Collection entries:
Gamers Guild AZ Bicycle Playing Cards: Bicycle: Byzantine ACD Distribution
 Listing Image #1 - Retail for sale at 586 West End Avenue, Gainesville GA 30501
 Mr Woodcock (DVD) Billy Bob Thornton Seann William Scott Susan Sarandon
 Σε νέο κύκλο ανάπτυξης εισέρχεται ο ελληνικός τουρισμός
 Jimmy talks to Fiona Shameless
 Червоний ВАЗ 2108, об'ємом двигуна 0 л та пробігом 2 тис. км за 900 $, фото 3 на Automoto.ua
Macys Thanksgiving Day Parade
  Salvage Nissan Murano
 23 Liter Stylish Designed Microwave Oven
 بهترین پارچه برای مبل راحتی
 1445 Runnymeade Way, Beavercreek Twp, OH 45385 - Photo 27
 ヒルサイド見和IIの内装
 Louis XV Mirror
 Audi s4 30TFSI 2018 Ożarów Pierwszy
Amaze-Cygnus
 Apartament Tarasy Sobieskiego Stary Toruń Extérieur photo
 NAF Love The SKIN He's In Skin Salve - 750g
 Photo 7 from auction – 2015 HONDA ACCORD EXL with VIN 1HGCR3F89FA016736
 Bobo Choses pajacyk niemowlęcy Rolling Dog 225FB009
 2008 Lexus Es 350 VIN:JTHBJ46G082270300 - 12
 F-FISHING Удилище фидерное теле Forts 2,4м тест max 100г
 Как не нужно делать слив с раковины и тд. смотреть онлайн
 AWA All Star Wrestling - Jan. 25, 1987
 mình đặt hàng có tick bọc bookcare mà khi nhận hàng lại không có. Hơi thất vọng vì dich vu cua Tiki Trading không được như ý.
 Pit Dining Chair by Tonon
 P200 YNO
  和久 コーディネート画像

--- Description of the task ---
Return the data from the top line through the bottom line exactly.

--- Answer to this problem ---
Gamers Guild AZ Bicycle Playing Cards: Bicycle: Byzantine ACD Distribution
 Listing Image #1 - Retail for sale at 586 West End Avenue, Gainesville GA 30501
 Mr Woodcock (DVD) Billy Bob Thornton Seann William Scott Susan Sarandon
 Σε νέο κύκλο ανάπτυξης εισέρχεται ο ελληνικός τουρισμός
 Jimmy talks to Fiona Shameless
 Червоний ВАЗ 2108, об'ємом двигуна 0 л та пробігом 2 тис. км за 900 $, фото 3 на Automoto.ua
Macys Thanksgiving Day Parade
  Salvage Nissan Murano
 23 Liter Stylish Designed Microwave Oven
 بهترین پارچه برای مبل راحتی
 1445 Runnymeade Way, Beavercreek Twp, OH 45385 - Photo 27
 ヒルサイド見和IIの内装
 Louis XV Mirror
 Audi s4 30TFSI 2018 Ożarów Pierwszy
Amaze-Cygnus
 Apartament Tarasy Sobieskiego Stary Toruń Extérieur photo
 NAF Love The SKIN He's In Skin Salve - 750g
 Photo 7 from auction – 2015 HONDA ACCORD EXL with VIN 1HGCR3F89FA016736
 Bobo Choses pajacyk niemowlęcy Rolling Dog 225FB009
 2008 Lexus Es 350 VIN:JTHBJ46G082270300 - 12
 F-FISHING Удилище фидерное теле Forts 2,4м тест max 100г
 Как не нужно делать слив с раковины и тд. смотреть онлайн
 AWA All Star Wrestling - Jan. 25, 1987
 mình đặt hàng có tick bọc bookcare mà khi nhận hàng lại không có. Hơi thất vọng vì dich vu cua Tiki Trading không được như ý.
 Pit Dining Chair by Tonon
 P200 YNO
  和久 コーディネート画像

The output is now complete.